▶ EXERCISE: List each line of the data that holds the word "Certified".

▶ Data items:
------------------------------------------------
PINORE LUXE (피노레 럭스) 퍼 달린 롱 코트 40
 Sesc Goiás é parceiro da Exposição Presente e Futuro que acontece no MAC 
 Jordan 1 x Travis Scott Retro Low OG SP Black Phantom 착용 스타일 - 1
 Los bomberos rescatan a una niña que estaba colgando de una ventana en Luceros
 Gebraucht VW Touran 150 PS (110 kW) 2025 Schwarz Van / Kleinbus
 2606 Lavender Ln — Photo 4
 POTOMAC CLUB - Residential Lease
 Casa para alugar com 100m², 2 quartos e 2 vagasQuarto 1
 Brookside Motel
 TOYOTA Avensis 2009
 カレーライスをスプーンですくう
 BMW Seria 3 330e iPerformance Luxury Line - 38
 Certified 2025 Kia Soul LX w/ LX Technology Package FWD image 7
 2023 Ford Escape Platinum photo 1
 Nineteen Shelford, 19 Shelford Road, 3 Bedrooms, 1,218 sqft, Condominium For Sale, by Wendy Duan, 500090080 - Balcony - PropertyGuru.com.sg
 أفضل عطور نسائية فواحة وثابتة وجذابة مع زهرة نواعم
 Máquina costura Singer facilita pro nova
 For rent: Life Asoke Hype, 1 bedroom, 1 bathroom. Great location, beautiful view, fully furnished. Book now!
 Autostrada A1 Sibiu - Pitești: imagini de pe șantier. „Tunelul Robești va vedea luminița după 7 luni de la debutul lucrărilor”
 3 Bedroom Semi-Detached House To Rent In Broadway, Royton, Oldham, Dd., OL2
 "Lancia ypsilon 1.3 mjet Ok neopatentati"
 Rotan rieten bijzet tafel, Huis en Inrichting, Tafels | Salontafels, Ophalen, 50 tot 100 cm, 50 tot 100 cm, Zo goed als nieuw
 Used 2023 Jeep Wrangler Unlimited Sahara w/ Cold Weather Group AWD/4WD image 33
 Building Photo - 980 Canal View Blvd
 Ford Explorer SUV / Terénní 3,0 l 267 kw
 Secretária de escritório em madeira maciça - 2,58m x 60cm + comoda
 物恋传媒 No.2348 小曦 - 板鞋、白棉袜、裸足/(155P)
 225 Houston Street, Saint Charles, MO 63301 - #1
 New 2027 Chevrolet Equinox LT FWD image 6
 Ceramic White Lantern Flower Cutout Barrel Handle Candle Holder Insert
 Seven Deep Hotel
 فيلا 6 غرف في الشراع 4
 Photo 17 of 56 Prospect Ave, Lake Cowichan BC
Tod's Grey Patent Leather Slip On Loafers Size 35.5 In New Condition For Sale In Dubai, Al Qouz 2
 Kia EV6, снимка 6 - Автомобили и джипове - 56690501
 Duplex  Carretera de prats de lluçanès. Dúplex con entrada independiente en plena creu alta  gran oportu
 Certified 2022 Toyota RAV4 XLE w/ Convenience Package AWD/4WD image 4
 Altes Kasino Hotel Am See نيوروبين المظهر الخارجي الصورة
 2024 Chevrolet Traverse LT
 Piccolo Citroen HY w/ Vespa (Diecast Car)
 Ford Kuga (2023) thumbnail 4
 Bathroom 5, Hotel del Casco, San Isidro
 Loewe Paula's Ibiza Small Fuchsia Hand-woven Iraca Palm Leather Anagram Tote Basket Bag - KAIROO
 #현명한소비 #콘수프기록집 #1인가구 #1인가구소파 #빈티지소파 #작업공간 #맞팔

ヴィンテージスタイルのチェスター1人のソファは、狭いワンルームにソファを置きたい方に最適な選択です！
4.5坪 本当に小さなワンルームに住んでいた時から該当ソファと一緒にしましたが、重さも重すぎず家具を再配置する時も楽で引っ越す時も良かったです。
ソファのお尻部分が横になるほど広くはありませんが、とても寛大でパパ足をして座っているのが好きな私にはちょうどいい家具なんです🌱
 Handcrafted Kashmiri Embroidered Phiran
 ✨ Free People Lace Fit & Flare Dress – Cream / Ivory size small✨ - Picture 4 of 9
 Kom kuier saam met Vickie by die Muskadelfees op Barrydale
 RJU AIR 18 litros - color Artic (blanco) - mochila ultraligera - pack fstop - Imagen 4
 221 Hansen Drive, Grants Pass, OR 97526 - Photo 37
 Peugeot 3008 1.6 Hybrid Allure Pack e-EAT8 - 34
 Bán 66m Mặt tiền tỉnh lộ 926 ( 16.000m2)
------------------------------------------------
▶ RESPONSE:
 Certified 2025 Kia Soul LX w/ LX Technology Package FWD image 7
 Certified 2022 Toyota RAV4 XLE w/ Convenience Package AWD/4WD image 4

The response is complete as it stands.